On the day that I volunteered, our small group planted Ulei and Akai plants which are native plants that were propagated in the greenhouse where you meet before the hike. Planting these help to remove the invasive plants and restore the natural beauty of Waimea Valley.
Before you start the hike, you will participate in an E Hō Mai chant with the volunteer staff. This chant is meant to ask permission from the land to enter this place of great culture and history. Waimea Valley was thought to be a sacred place for high-ranking officials, so getting the chant correct is very important. Learn more about the E Hō Mai chant here.
After the chant, you will begin the hike up to the work spot. To a seasoned hiker, this was a very easy trail but the views were simply unbeatable because the general public cannot go on this hike. As we made our way up, McKenzie was quick to point out any native plants and their uses, she was very knowledgeable about all of the plants there at Waimea Valley and that really added a level of respect to the staff.
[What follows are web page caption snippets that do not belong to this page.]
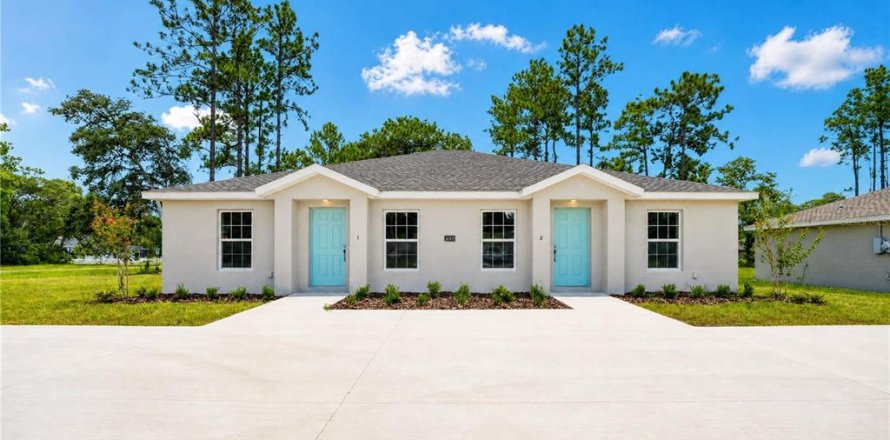 Commercial property in Ocala, Florida 4 bedrooms, 186.55 sq.m. № 2258917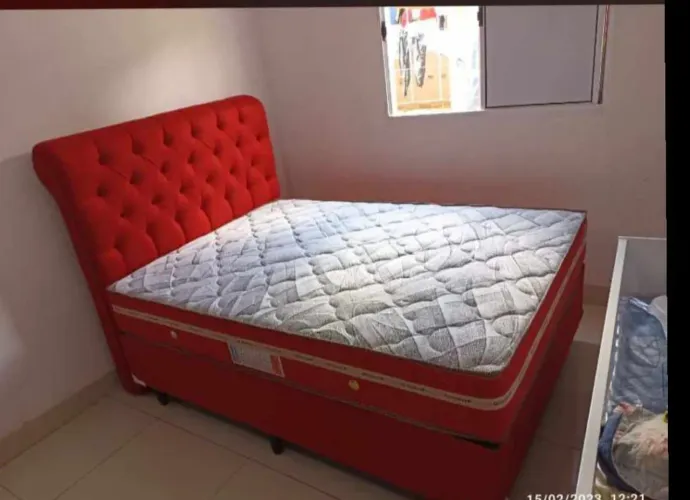 Cama Box Casal Vermelha completa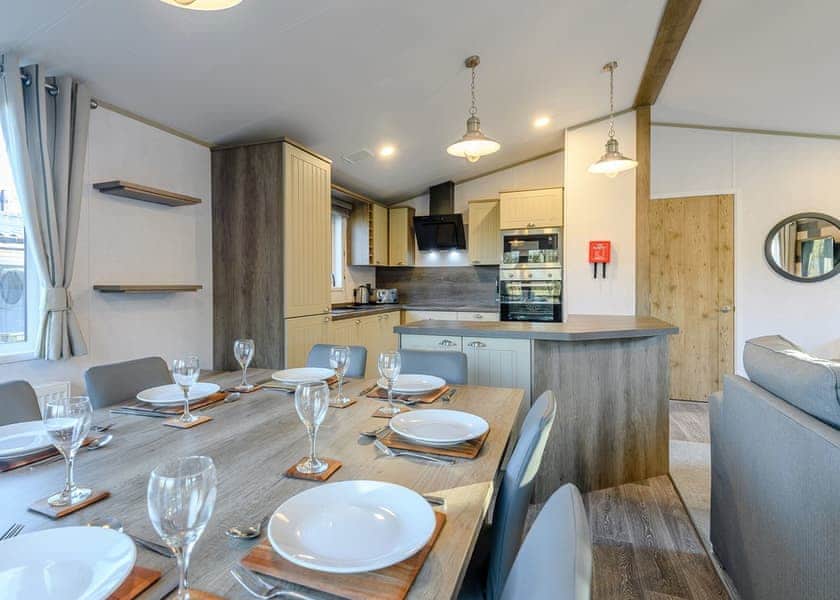 Brayford Lodge Spa - Kenwick Woods, Louth, Lincolnshire Wolds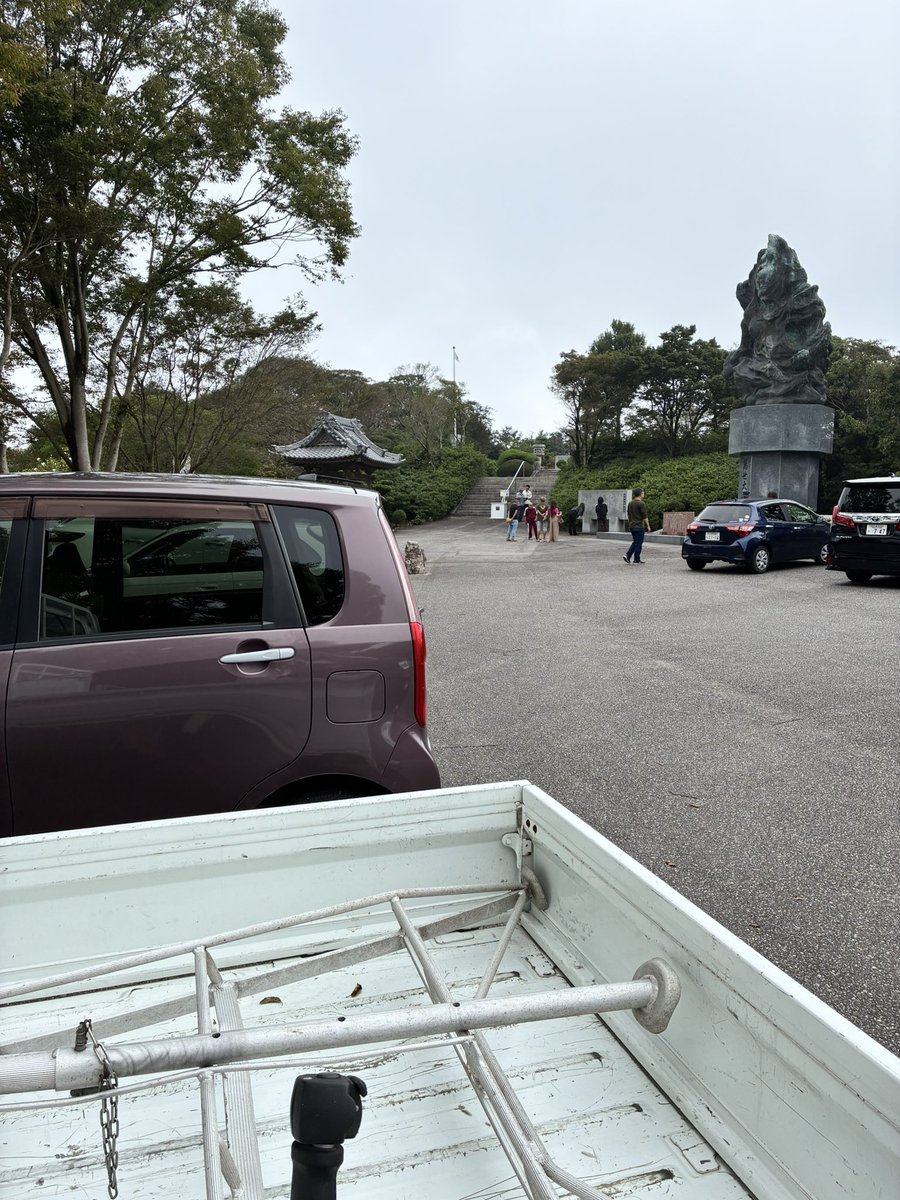 1Asaoka's tweet photo. 三ヶ根山『殉国七士廟』ボランティア
今日は入り口から駐車場までの草刈りをしました。
アジア大会で国旗問題が起こってる台湾の方々が参拝に来ていただけました🙇‍♀️
友好を示して頂いているのに、日本側は国旗持ち込み禁止なんて💢本当に申し訳ないです❗️
#殉国七士廟
#西尾市
#日台友好 https://t.co/lMi9TuqI3u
Once you reach the top, you will group up at a truck that will carry all of the tools and water for the day. Although they have water at the top, make sure to bring your own water just to make sure.
At the truck, we were given all of our instructions and tasks for the day; once that was finished, we were sent out to do our work.
You will be given time to eat your lunch and rest before you begin the second half of your day; for our group that included weeding and continuation of planting Akai.
Overall, your day will be jam-packed with things to do and you won’t waste a moment of time. The hike back down to the visitor center is much easier than the way up, make sure to try some strawberry guavas that surround the trail; although they’re invasive, the fruit is delicious.
Unique Aspects Of This Volunteer Program
Many volunteering spots offer unique experiences such as access to prohibited areas and places the general public cannot visit; however, Waimea Valley takes this to a whole other level by giving volunteers free access to the botanical garden which houses a vast array of plants and birds.
Not only do you get free access to the botanical gardens, but you also get to hike up to the ridges that surround the valley which are prohibited to the public. That really adds a whole other level of uniqueness to this experience.
Without a doubt, Waimea Valley is one of the top places to volunteer on Oahu. Not only do you get to see things that nobody else can, but you also get to preserve and protect the precious and fragile landscape that Waimea Valley is.
I was part of a small group and this really added to the personalized experience because our guide, McKenzie, was able to answer any questions we had and would be able to check up on us while we worked.
If you’re looking to volunteer while on vacation or gain some valuable community service hours, this is definitely something you need to consider.